Case Study 1: Medicine's Long Struggle with Bayes
"It is simply no longer possible by 'starring' anecdotally at the evidence to make sense of it." -- Archie Cochrane, Effectiveness and Efficiency (1972)
The Deadly Arithmetic
In 1978, the pathologist David Eddy published a study that should have changed the practice of medicine. He surveyed ninety-five physicians and asked them a question that, by that point, had a well-established correct answer:
A patient has a positive result on a screening test. The test has a sensitivity of 80 percent (it catches 80 percent of true cases) and a false positive rate of 10 percent. The prevalence of the condition in the population being screened is 1 percent. What is the probability that the patient actually has the condition?
The correct answer, derived from Bayes' theorem, is approximately 7.5 percent. Out of every 1,000 people screened, 10 have the condition. The test catches 8 of them (true positives). Of the 990 who do not have the condition, the test falsely flags 99 (false positives). So out of 107 total positive results, only 8 are genuine. The probability of disease given a positive test is 8/107, or about 7.5 percent.
The physicians' answers were devastating. The vast majority estimated the probability at between 70 and 80 percent. They were off by a factor of ten.

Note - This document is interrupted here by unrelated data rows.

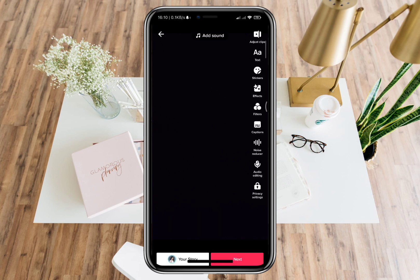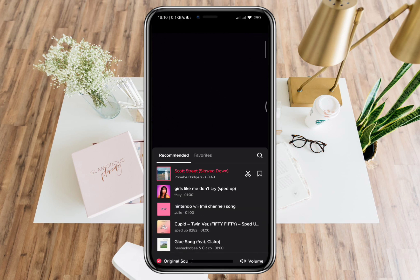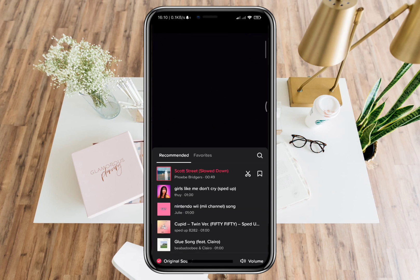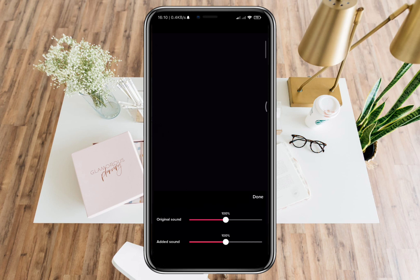On the lower right corner, you can see there the settings for volume, wherein you can adjust the volume for the original sound and added sound.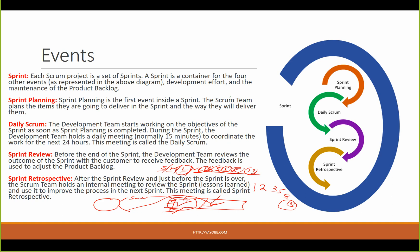We are going to discuss what you did yesterday, what you are going to do today and tomorrow. The development team starts working on the objectives of the sprint as soon as sprint planning is completed. During the sprint, the development team holds a daily meeting — normally 15 minutes — to coordinate work for the next 24 hours. This meeting is called the Daily Scrum.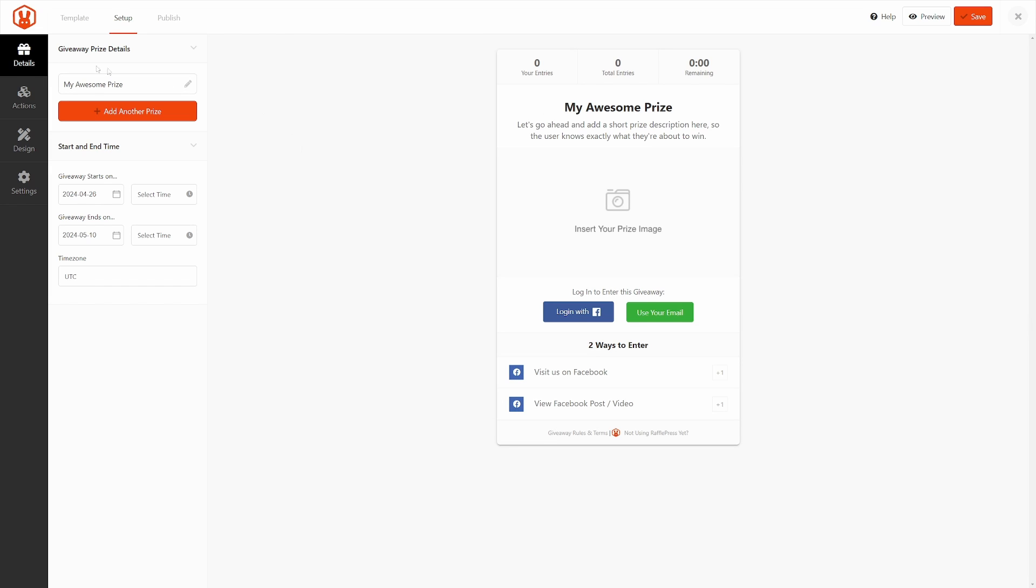Down here, we can see the Facebook actions that it added for us automatically. On the left-hand side, we have Details, Actions, Design, and Settings. At the top, we have Template, Setup, and Publish. We already did the template. Now, we're on Setup, and we're on Details. We'll go through these on the side.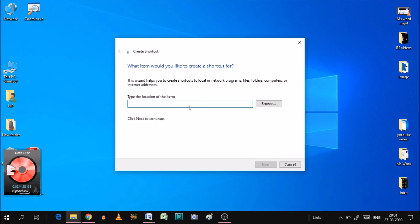Now, what do you want to write here? You have to write SHUTDOWN, then a space, then a minus sign and S. Then write a space, then a minus sign, then T. After that, you will see that the time you are giving will be in seconds.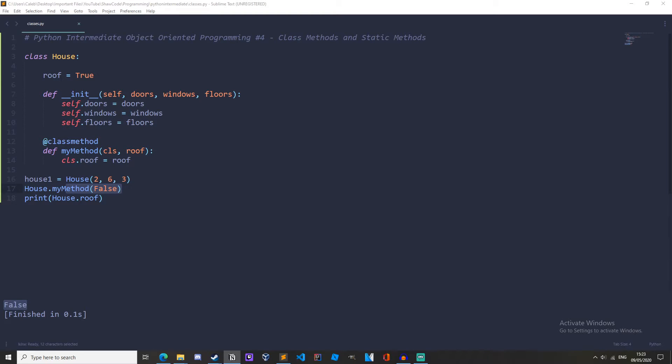Now let's learn about static methods. Now static methods don't take anything automatically. They don't take an instance they don't take a class so basically they're like a regular function but we include them as part of a class because they are linked with a class and it would make sense to have one there.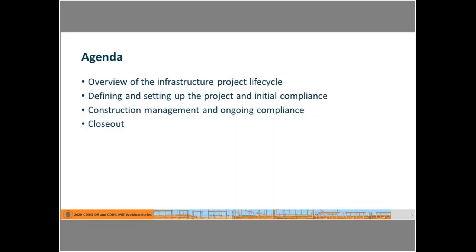The agenda for this webinar is infrastructure projects. We're going to have an overview of the infrastructure project life cycle, go into defining and setting up the project and the initial compliance, then move on to construction management and ongoing compliance, and finally talk about closeouts. If you have questions, please use the chat box. We have people at ICF and HUD here to answer your questions.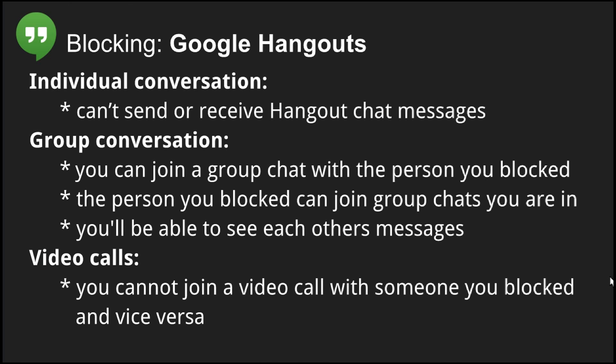When you block someone in Google Hangouts, you cannot send or receive Hangout chat messages directly to each other. You can, however, join a group chat that includes the person you blocked, and they can join a group chat where you are a member. You will see a warning that someone you blocked is in the group chat, and in the group chat you'll be able to see each other's messages just fine.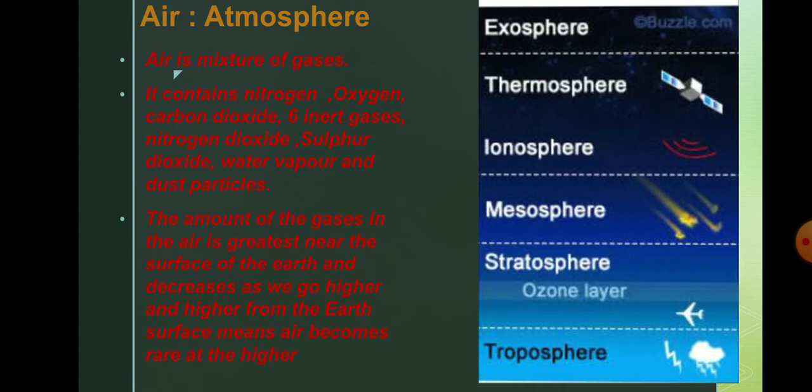Then mesosphere, ionosphere, thermosphere. Thermosphere and ionosphere both are in the same region. Then above that there is exosphere.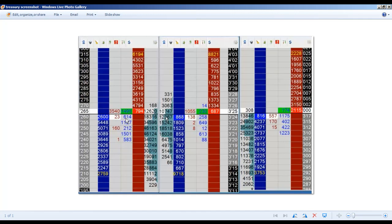Everything else — all the indicators, all the charts — is taking this core information and trying to reduce it and label it and turn it into either a pattern or whatever it is. You can go forever, as we know.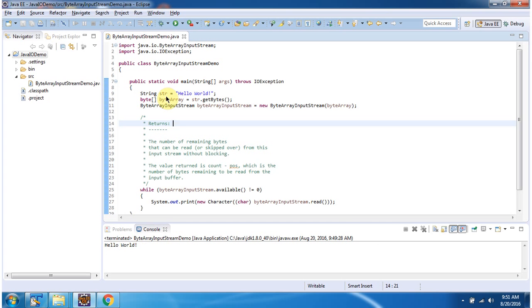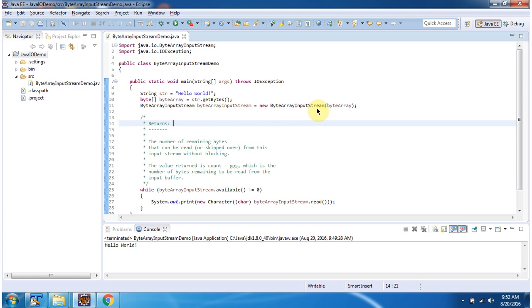Inside main method I have declared the string Hello World. Then using the getBytes method of string I am converting this string to byte array. Here I have created a ByteArrayInputStream object using the ByteArrayInputStream constructor which accepts a byte array.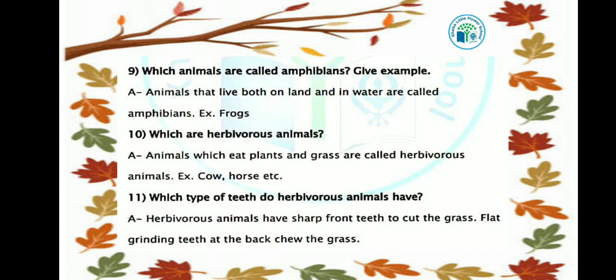Which type of teeth do herbivore animals have? Herbivore animals have sharp front teeth to cut the grass, and flat grinding teeth at the back to chew the grass.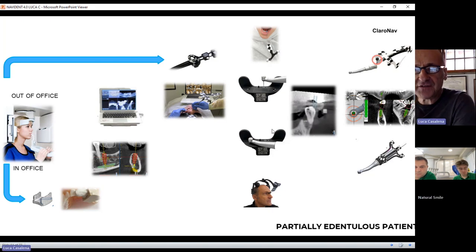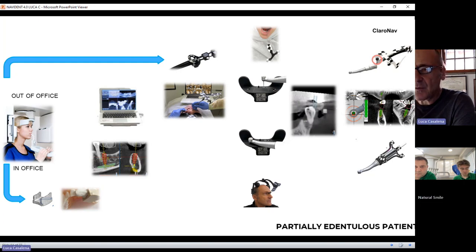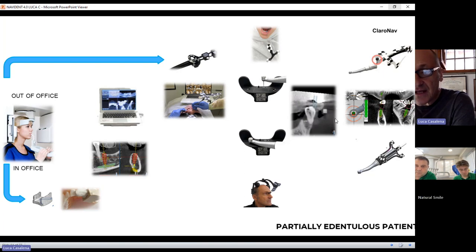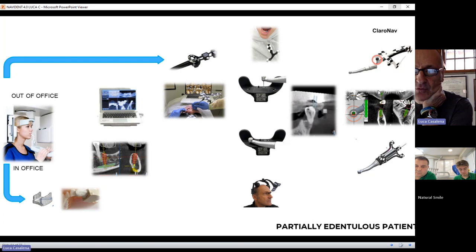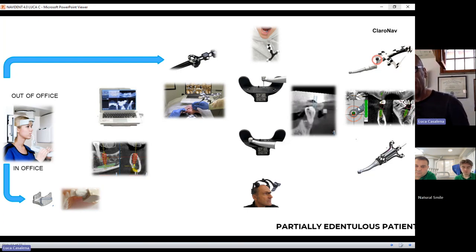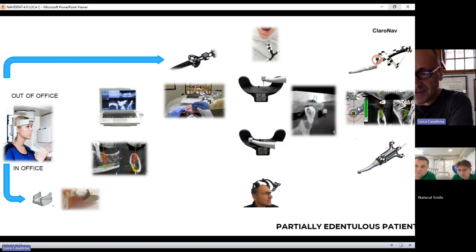Once you fix the optical target on the patient's jaw, and once you fix the optical target on your contreangle, you can move on to surgery. Then you carry out the accuracy check, and if everything is positive, you can move on to surgery. Surgery means seeing in real time what you do on the patient's anatomy.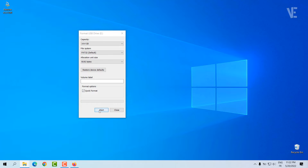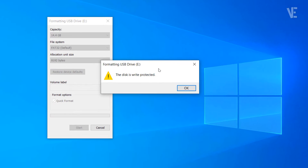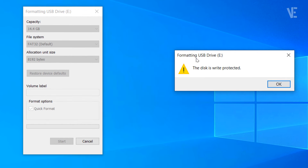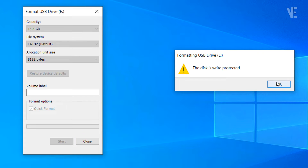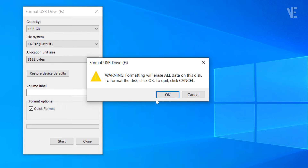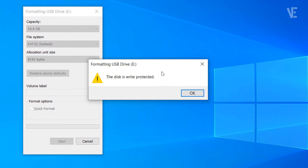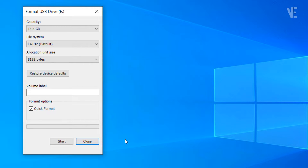Hi everyone, welcome to our channel. In today's video, we'll cover how to remove write protection from USB pen drives, SD cards, and fixed disks, and how to fix the write-protected error.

This was not a population of poorly trained doctors. These were practicing physicians at major medical centers. They had years of clinical experience. They made life-and-death decisions routinely. And they could not correctly interpret the single most common type of result in diagnostic medicine: a positive screening test.
Eddy's study was not an isolated finding. In the decades since, researchers have replicated it with depressing consistency. Gerd Gigerenzer and his colleagues tested 160 gynecologists on a mammography version of the problem in the late 1990s. Only 21 percent arrived at the correct answer. Casscells, Schoenberger, and Graboys found in 1978 that only 18 percent of Harvard Medical School faculty and students could correctly answer a similar problem. The numbers have improved somewhat in recent years as Bayesian literacy has entered some curricula, but the fundamental pattern persists: most physicians do not intuitively grasp the impact of base rates on the interpretation of diagnostic tests.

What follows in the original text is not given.